In [196]:

    
%%capture
%run "5 - Statistics.ipynb"
%run "8 - Gradient Descent.ipynb"
import matplotlib.pyplot as plt
import random
%matplotlib inline

The Model

Let us define a simple prediction function that takes two constants, $\alpha$ and $\beta$:



In [197]:

    
def predict(alpha, beta, x_i):
    return beta * x_i + alpha

What should we use for alpha and beta? Suppose we know the desired output y_i, we can calculate the error for our inputs:



In [198]:

    
def error(alpha, beta, x_i, y_i):
    return y_i - predict(alpha, beta, x_i)

Now we can calculate the errors across the entire data set:



In [199]:

    
def sum_of_squared_errors(alpha, beta, x, y):
    return sum(error(alpha, beta, x_i, y_i)**2 for x_i, y_i in zip(x, y))

Now we just need to find the inputs that minimize the sum of squared errors:



In [200]:

    
def least_squares_fit(x, y):
    beta = correlation(x, y) * standard_deviation(y) / standard_deviation(x)
    alpha = mean(y) - beta * mean(x)
    return alpha, beta



In [201]:

    
alpha, beta = least_squares_fit(num_friends_clean, daily_minutes_clean)
alpha, beta









    Out[201]:





(22.94755241346903, 0.903865945605865)



In [202]:

    
predict(alpha, beta, 20)









    Out[202]:





41.02487132558633



In [203]:

    
plt.title('Simple Linear Regression Model');
plt.ylabel('minutes per day');
plt.xlabel('# of friends')
plt.scatter(num_friends_clean, daily_minutes_clean);
plt.plot(range(0, 50), [predict(alpha, beta, x) for x in range(0, 50)], color='green');

Our model is pretty good for how simple it is! We can measure how well a model does using the coefficient of determination (aka. R-squared). This measures the fraction of the total amount of variation in the dependent variable that is predicted by the model.



In [204]:

    
def total_sum_of_squares(y):
    """the total squared variation of y_i's from their mean"""
    return sum(v ** 2 for v in de_mean(y))

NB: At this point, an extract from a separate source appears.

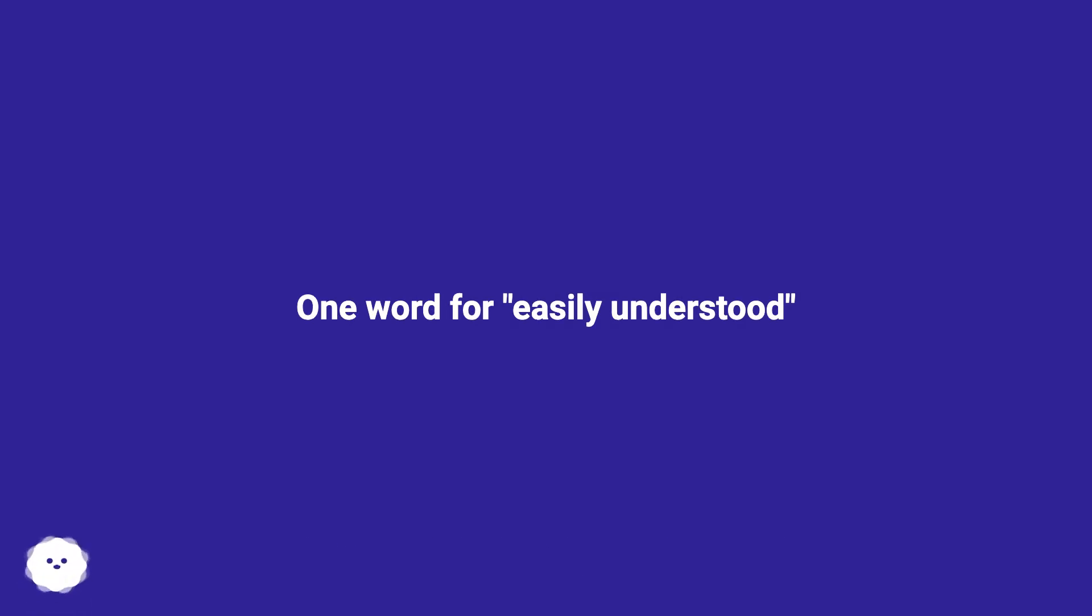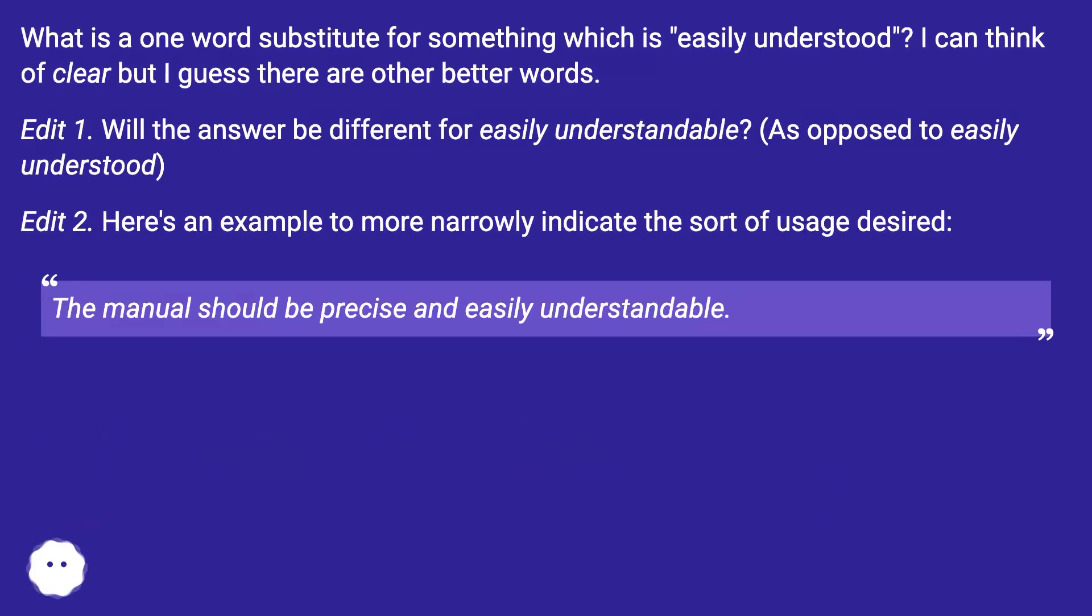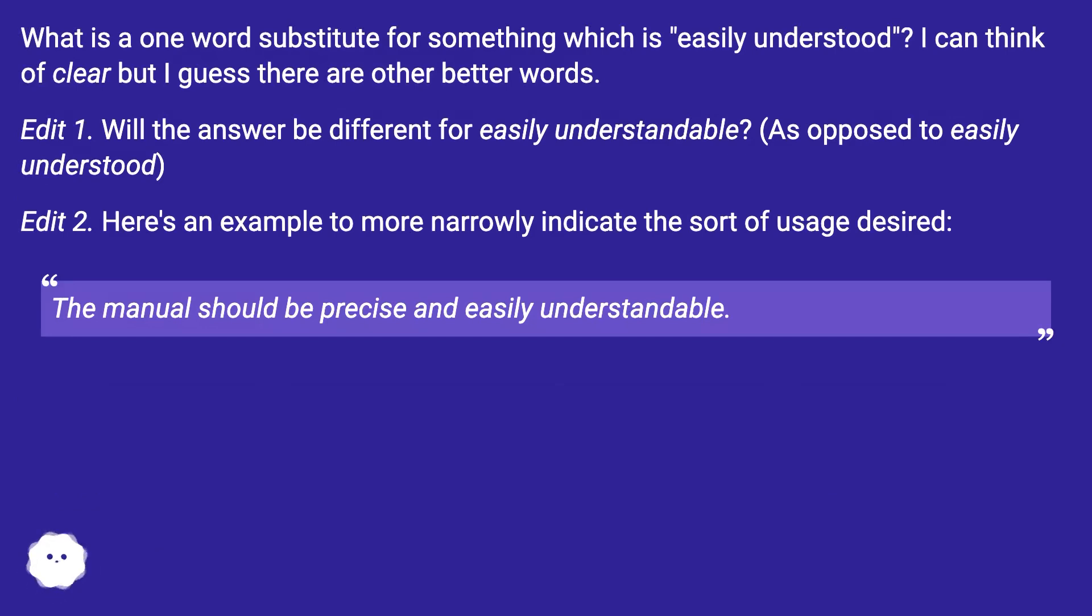One word for easily understood. What is a one word substitute for something which is easily understood? I can think of clear, but I guess there are other better words.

def r_squared(alpha, beta, x, y):
    """the fraction of variation in y captured by the model, which equals
    1 - the fraction of variation in y not captured by the model"""
    return 1.0 - (sum_of_squared_errors(alpha, beta, x, y) / total_sum_of_squares(y))

r_squared(alpha, beta, num_friends_clean, daily_minutes_clean) # 0.329









    Out[204]:





0.3291078377836305

Higher R-squared scores represent a better fitting model. 1 is the highest that an R-squared score can go.

Using Gradient Descent

We can also make predictions using the Gradient Descent algorithm:



In [205]:

    
def squared_error(x_i, y_i, theta):
    alpha, beta = theta
    return error(alpha, beta, x_i, y_i)**2

def squared_error_gradient(x_i, y_i, theta):
    alpha, beta = theta
    return [-2 * error(alpha, beta, x_i, y_i), # alpha partial derivative
            -2 * error(alpha, beta, x_i, y_i) * x_i] # beta partial derivative

# choose random value to start
random.seed(0)
theta = [random.random(), random.random()]
alpha, beta = minimize_stochastic(squared_error, squared_error_gradient, num_friends_clean, daily_minutes_clean, theta, 0.0001)
alpha, beta









    Out[205]:





(22.93746417548679, 0.9043371597664965)



In [ ]: